Fresh defections from the ruling All Progressives Congress (APC) and mounting criticism from northern political heavyweights are fuelling concerns that President Bola Tinubu could face a repeat of the “Jonathan treatment” in 2027.
In Zamfara, former senator Kabiru Marafa—once a key coordinator of Tinubu’s campaign announced his resignation from the APC alongside his entire political structure across the state’s 147 wards.
Marafa accused the Tinubu administration of “sustained injustice, mistrust, marginalisation and deliberate neglect of Zamfara and its people.”
His camp pointed to worsening insecurity, with Zamfara recording 1,203 out of 4,722 kidnappings nationwide in 2024, including 25 villages attacked in a single week that left 145 people abducted and 21 dead.
They alleged the state has been overlooked in federal relief interventions despite its high casualty figures.
A similar political shake-up unfolded in Jigawa, where 289 APC members defected to the Peoples Democratic Party (PDP) in Sakwaya Ward, Dutse Local Government Area—a move PDP leaders hailed as “a significant boost” ahead of the 2027 polls.
The exits appeared to vindicate former Kaduna State governor Nasir El-Rufai, who had warned Tinubu against alienating the North before quitting APC for the African Democratic Congress.
In a widely circulated piece titled 2027: South West, Tinubu’s supporters playing with fire, El-Rufai cautioned: “More than the performance or lack thereof of the Jonathan administration, it was his attitude, and that of people around him, towards the North that ultimately brought him down.”
El-Rufai has since declared that the North “will go to any length” to block Tinubu’s re-election, underscoring the depth of northern discontent.
Borno South senator Ali Ndume has also drawn parallels with Jonathan’s defeat, warning that Tinubu may be lulled into complacency.
“Jonathan had 22 governors endorse him, just as Tinubu does now.
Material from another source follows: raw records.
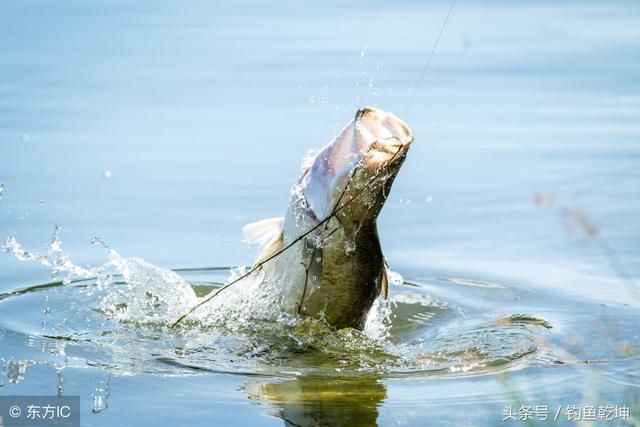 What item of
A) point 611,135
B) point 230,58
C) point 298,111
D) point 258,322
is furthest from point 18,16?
point 258,322

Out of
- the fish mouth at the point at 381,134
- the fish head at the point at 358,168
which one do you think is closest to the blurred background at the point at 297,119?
the fish head at the point at 358,168

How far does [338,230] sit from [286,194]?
325 centimetres

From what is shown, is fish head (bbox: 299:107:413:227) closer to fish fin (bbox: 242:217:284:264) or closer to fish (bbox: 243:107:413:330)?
fish (bbox: 243:107:413:330)

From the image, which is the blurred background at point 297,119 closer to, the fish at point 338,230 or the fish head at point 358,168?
the fish at point 338,230

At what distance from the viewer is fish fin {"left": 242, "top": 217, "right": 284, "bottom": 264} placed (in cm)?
705

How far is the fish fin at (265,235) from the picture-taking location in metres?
7.05

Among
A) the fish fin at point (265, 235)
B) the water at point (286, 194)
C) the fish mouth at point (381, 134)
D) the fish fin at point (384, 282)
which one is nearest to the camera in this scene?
the fish mouth at point (381, 134)

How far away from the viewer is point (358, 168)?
21.3ft

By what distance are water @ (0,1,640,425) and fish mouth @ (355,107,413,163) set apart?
0.76m

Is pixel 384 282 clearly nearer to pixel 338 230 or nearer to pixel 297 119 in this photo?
pixel 338 230

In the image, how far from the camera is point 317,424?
237 inches

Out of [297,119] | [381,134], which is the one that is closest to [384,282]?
[381,134]

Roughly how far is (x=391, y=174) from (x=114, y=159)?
4557mm

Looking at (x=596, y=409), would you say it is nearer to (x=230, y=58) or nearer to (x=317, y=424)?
(x=317, y=424) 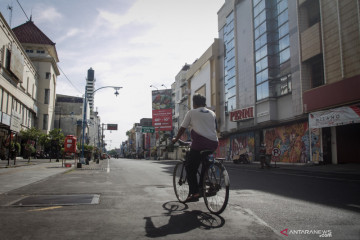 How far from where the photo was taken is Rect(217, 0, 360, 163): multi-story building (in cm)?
1977

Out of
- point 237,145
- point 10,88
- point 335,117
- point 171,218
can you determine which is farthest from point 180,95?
point 171,218

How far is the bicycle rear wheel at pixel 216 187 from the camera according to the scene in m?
4.28

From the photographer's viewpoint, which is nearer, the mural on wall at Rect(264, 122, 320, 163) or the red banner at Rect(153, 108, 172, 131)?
the mural on wall at Rect(264, 122, 320, 163)

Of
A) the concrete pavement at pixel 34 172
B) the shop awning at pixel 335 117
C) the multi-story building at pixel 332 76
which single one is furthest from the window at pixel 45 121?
the shop awning at pixel 335 117

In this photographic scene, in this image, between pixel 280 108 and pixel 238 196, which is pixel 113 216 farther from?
pixel 280 108

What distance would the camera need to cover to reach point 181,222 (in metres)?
3.88

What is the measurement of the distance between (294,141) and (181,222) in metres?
24.5

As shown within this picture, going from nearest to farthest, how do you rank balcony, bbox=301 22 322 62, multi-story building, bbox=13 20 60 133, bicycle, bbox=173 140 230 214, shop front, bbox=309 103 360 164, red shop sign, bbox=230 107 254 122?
bicycle, bbox=173 140 230 214 < shop front, bbox=309 103 360 164 < balcony, bbox=301 22 322 62 < red shop sign, bbox=230 107 254 122 < multi-story building, bbox=13 20 60 133

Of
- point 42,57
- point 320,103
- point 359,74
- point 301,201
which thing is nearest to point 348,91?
point 359,74

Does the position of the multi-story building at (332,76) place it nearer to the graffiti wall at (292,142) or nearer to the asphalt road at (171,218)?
the graffiti wall at (292,142)

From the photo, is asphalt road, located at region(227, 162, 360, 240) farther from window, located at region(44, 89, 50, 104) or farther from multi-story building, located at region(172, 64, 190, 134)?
multi-story building, located at region(172, 64, 190, 134)

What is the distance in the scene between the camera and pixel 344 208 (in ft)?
15.7

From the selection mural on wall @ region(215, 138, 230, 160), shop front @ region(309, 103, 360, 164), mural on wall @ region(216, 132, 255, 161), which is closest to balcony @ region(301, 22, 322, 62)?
shop front @ region(309, 103, 360, 164)

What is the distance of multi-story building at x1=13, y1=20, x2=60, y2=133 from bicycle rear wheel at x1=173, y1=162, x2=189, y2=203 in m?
56.7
Yet he lost woefully,” Ndume said, adding that the presidency is “dominated by kleptocrats and even kakistocrats” who shield Tinubu from the country’s realities.
Political analysts warn that these cracks, if left unchecked, could widen into a North–South rupture similar to the one that toppled the PDP in 2015.
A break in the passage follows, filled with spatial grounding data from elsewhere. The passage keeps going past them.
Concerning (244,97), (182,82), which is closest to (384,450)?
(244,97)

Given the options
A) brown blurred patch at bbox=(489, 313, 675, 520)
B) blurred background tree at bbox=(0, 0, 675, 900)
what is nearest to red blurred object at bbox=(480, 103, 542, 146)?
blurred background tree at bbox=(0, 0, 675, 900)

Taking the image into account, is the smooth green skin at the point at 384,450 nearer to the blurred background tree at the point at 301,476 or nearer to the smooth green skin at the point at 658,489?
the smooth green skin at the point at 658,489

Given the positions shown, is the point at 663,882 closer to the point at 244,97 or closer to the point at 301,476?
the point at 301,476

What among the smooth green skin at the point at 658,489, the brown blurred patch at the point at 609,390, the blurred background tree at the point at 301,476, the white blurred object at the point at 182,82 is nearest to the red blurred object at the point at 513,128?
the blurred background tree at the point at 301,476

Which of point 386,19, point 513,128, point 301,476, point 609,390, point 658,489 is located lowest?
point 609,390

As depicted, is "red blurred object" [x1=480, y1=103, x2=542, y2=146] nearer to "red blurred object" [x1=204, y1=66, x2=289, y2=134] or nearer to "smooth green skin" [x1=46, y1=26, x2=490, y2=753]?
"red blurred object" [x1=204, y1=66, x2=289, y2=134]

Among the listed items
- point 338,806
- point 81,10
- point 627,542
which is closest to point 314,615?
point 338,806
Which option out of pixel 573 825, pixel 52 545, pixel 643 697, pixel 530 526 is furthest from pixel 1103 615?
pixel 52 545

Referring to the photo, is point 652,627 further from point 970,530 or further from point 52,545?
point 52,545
Dr. Suleiman Bankole, a political scientist, stressed that Marafa’s departure is more than an individual act: “This is a wholesale withdrawal of a structure across Zamfara. In the North-West, grassroots mobilisation is everything. Such a loss signals deeper disillusionment within APC ranks.”
Public affairs analyst Lawal Ogunniyi agreed, arguing that economic hardship could become the party’s biggest vulnerability.
“When ruling party lawmakers openly speak of kleptocrats and kakistocrats around the president, it shows the discontent is internal. That is how political implosions begin,” she said.
Contacted on the matter, APC national publicity secretary Felix Morka declined comment.
With defections spreading at the grassroots and northern heavyweights signalling open rebellion, observers warned that Tinubu’s challenge is no longer just governance but political survival.
They maintained that unless urgent steps are taken to repair frayed ties with the North, the APC could find itself on the same slippery path that doomed Jonathan in 2015.